Voxeo Documentation - VoiceXML 2.1 Tutorials Overview

If you are new to the idea of writing Voice-web applications, then this is the place to start. The pages contained in this section will serve to educate you on VoiceXML theories and practices from the ground up. Even if you have never written anything more complex than a simple HTML web page, by the time you have finished the lessons presented here, you will be ready to write top-shelf voice applications for the world.



Tutorial: Hello World
The place to start for all neophyte voice developers. This tutorial covers the basic syntax for VoiceXML 2.1 applications, and walks you through how to get your very first Hello World voice-web application operating within a half hour.


Tutorial: Voice Recognition
This section covers the basic principles of voice recognition, including grammar theory and markup, as well as touching on conditional logic in the VoiceXML dialog . This tutorial will introduce GSL voice recognition grammars into our arsenal of knowledge, and show us the correct way to write a simple inline grammar structure.


Tutorial: Call Flow
Once we have mastered voice grammars, the next logical step is learning how to programmatically transition callers from one destination to another within your voice application. The first tutorial presented in this section will show us how to write an application that uses conditional logic to allow callers to programmatically navigate from one point to another within a single document.

 Tutorial: Document Navigation
Similar to the previous tutorial where we learned how to navigate between logical form items within a single document, this next tutorial covers how we can navigate between separate VoiceXML 2.1 documents, which is widely used in most production grade IVR application deployments. In addition, we also introduce you to the concept of using variable declarations, and also the all-important topic of the scoping of these variables within the VoiceXML 2.1 context.

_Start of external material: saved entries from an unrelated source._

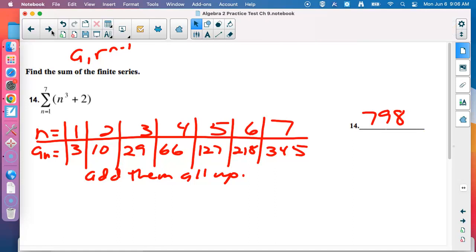We've had two problems that were not arithmetic or geometric, but we don't give up — we make tables, see what we can find, and go from there.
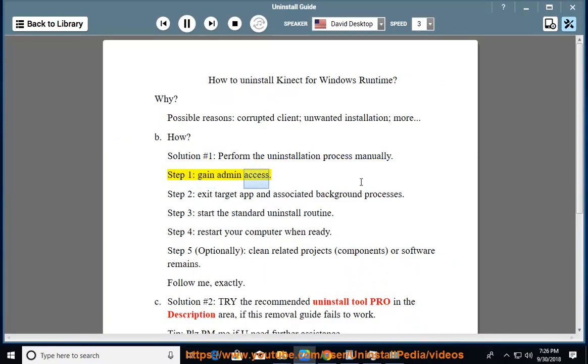Step 1: gain admin access. Step 2: exit target app and associated background processes.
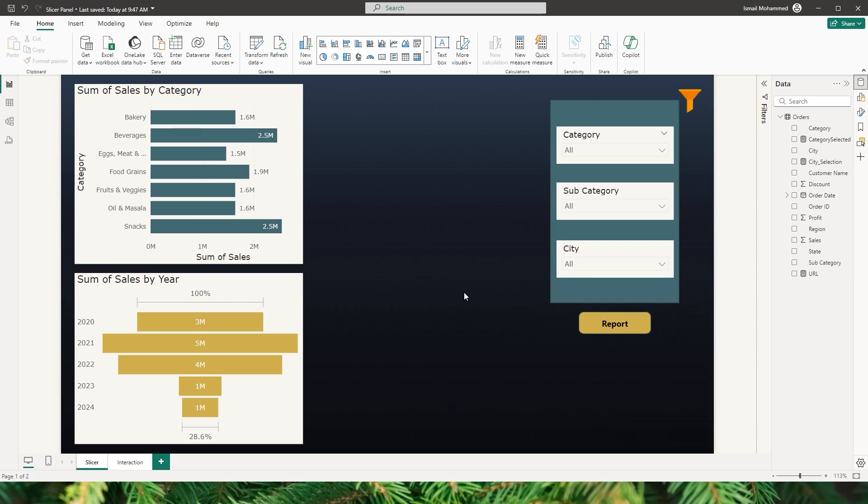Hello everyone and welcome to my channel MITutorials. In this tutorial I will teach you how to filter your Power BI reports dynamically using slicers in your report.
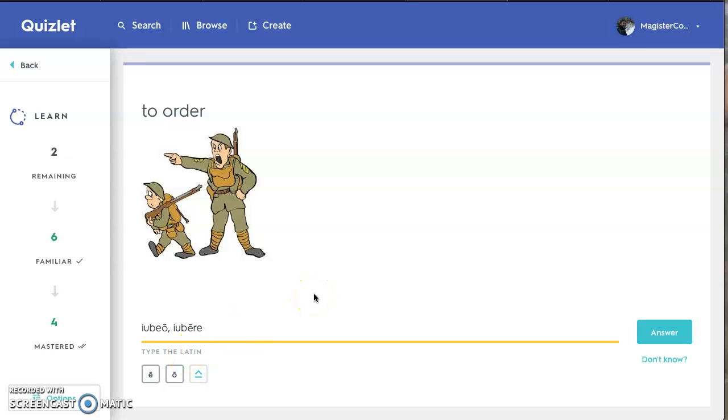If you hold the letter down, so if I wanted to make a long E, I would just hold the letter E down and you will get a submenu that will pop up. And in that submenu, there should be a macron. That's probably the best way to do it on a mobile device.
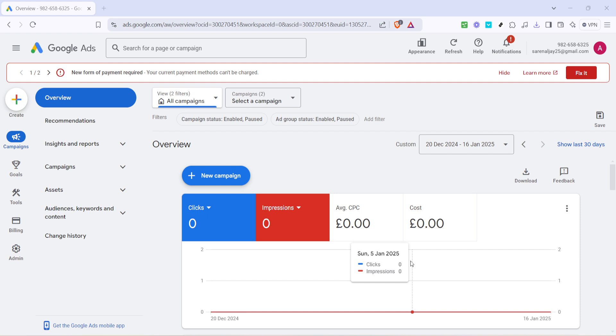Let's begin by navigating to your Google Ads account. If you're not already logged in, now would be a good time to do so. Once you are, direct your attention to the overview page. This is where we kick things off because it's the starting point for accessing all aspects of your campaigns.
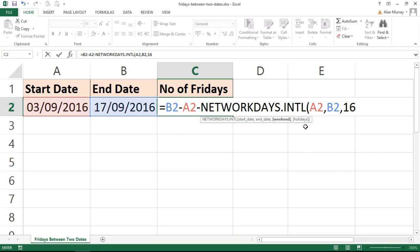I'm going to ignore the last question which allows me to add in any other holidays. I don't want that. Close bracket. And then we need one more thing. I need to type plus 1.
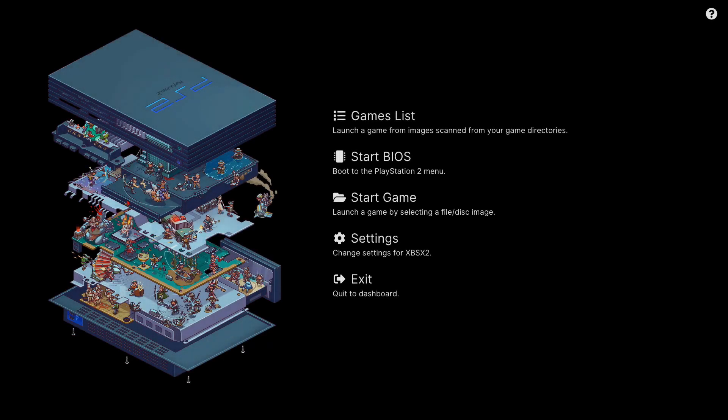Yo what up everybody it's your boy ReviveMe. Today I'm gonna show you how to install textures and how to load them inside your emulator on XPSX2 for the Xbox.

Tutorial: Using Audio Files
Text to Speech is fine for development and demo purposes, but recorded audio files add a much more professional feel to your application. This tutorial covers correct sound formatting and shows us how to record, and encode a sound file for inclusion into our application. Also included, at no additional charge, is a sample of an inline voice grammar that defines explicit return values, and scope activation. We also cover the use of Universal Events, and how to elegantly trap and handle these navigational or recognition events when they arise.

 Tutorial: Call Transfer
Here, we cover the finer aspects of placing a bridged call from a voice-enabled application to an external PSTN destination. After completing this lesson, you will know how to place an outbound call within the VoiceXML 2.1 framework, and how to intelligently trap the events and errors that may occur.

Tutorial: Caller ID and Called ID
This tutorial explains the caveats and benefits of being able to capture caller ID and called ID from your callers, which can be a very important topic in a real-world scenario when we must keep track of who called what application number. By the time that you have finished this section, you will have superior knowledge on the intricacies of the telephone communication standards relevant to caller ID and called ID and how it applies to voice-web applications.

 Tutorial: DTMF Recognition
Now that we have mastered voice grammars, it is time to look at how to capture DTMF input, Dual Tone Multiple Frequency, from a touch-tone phone. This tutorial will show you the best way to create a DTMF grammar for caller interactions and then allow the caller choices to dictate a course of action within the application.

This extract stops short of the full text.